Quite true, with a caveat. Each feature in every language provides a balance of power to the developer versus a learning curve and potential gotchas. Different programmers will have different balance of opinions on where each feature lies on this spectrum. Each must decide in each case, "is this worth it to me for any potential difficulties I may encounter, and what about any others who work on this in the future?" (each alternative option will also bear such decision-making). There is rarely a single hard, fast rule to determine "use this, don't use that". Consequently I personally recommend to each coder that as they learn of a new feature, they try it out (in a personal project or little task, not some big critical system) and see what role it has on the development process and the maintainability of the code. Some may be overwhelmingly positive. Others may turn out to be overwhelmingly negative. Only experience with the feature can help one determine that.

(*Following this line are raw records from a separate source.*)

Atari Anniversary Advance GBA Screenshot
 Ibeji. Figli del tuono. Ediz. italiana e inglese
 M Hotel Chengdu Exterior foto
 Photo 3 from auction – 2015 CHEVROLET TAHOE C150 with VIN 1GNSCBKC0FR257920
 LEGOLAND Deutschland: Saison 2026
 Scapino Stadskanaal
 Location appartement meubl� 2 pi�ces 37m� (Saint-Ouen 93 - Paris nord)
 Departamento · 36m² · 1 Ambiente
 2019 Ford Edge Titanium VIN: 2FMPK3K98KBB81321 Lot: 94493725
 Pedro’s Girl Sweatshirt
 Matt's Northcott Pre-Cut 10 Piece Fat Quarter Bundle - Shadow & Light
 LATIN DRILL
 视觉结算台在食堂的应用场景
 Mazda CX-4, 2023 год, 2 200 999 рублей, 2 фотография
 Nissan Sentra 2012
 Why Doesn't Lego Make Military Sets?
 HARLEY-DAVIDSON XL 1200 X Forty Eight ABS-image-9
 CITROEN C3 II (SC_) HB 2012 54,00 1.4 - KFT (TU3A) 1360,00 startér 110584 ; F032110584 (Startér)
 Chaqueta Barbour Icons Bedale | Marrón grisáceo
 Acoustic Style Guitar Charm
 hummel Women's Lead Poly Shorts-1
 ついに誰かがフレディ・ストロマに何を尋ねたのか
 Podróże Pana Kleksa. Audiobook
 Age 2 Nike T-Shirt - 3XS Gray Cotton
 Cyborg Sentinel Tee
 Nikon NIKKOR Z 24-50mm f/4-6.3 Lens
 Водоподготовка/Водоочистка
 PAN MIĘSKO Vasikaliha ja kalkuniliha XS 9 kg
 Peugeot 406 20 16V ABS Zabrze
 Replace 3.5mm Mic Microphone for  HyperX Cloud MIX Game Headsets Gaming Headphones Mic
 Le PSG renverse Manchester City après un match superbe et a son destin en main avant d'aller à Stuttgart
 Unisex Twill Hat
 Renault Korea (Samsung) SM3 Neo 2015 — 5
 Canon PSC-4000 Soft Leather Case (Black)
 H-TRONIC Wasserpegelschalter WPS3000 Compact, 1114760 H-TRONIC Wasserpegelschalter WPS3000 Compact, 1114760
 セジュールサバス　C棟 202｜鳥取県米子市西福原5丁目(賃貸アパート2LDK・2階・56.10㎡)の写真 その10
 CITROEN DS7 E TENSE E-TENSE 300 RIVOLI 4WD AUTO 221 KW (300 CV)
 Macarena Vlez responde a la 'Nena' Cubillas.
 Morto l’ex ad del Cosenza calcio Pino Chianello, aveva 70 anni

In my case, I've had good enough experiences with most C++ features that unless I know that a project is also going to be worked on by people who are C++-phobes, I find that they're well worth using. But even in my case I've come across features that I wouldn't even use in personal projects. For example, once several years back I tried out std::transform extensively in a hobby program I was writing - by the end I was convinced that, at least in the sort of use cases I was encountering, it only serves to complicate code, increase development time and decrease legibility. I went back in and modified all of the code to use "for (auto i : list)" loops, and contrarily was very pleased with the result - it led to something that even a C++ novice could understand while simultaneously reducing code size and improving code clarity. So guess which I avoid today and which I use extensively? ;)

But there are no hard, fast rules, and reasonable coders will of course differ.

Comment Re:This is great (Score 3, Interesting) 163

Of course it saves the rhinos. You put 100 times more fake stuff on the market and the price for rhino horn collapses, meaning people stop hunting them.

The brilliant part is that this makes use of something that's normally a bad thing - China's extensive peddling in fakes - to achieve a good result. I doubt it'll stop the really high end of the market, the sort of people who would instruct their buyer to send what they buy sent off to a lab (I don't think some rhino DNA alone would fool a lab, surely it looks different under microscopic examination), but for the rest of the market, it's a neat idea.